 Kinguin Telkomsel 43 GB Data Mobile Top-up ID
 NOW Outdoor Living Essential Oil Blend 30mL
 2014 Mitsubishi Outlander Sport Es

● ● ● ● ●

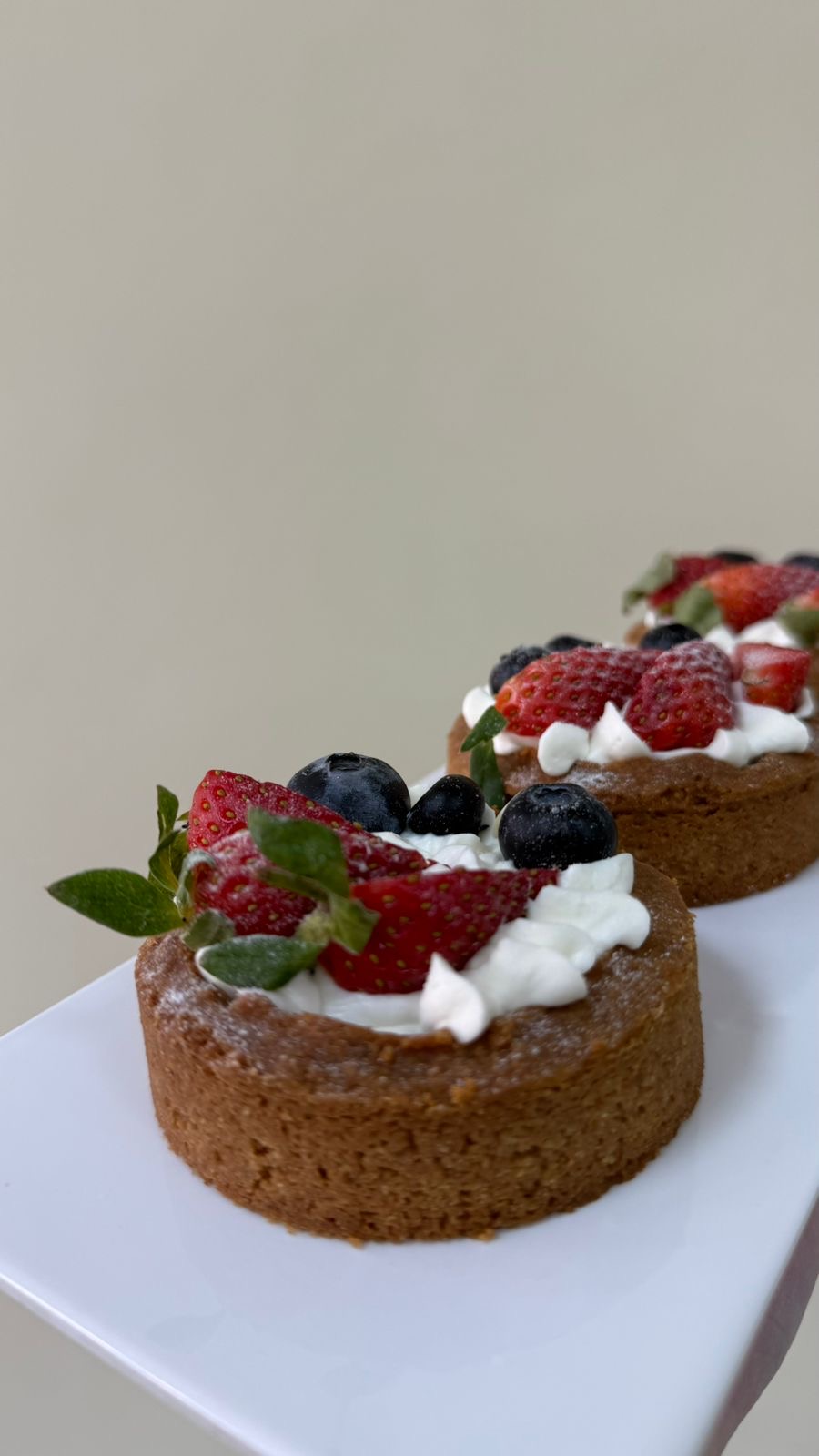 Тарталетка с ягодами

● ● ● ● ●

= TASK =
In the entries above, find the line with "NOW Outdoor Living Essential Oil Blend 30mL" and the line with "2014 Mitsubishi Outlander Sport Es", then set down exactly those two and every line between them, nothing else.

= EXERCISE ANSWER =
 NOW Outdoor Living Essential Oil Blend 30mL
 2014 Mitsubishi Outlander Sport Es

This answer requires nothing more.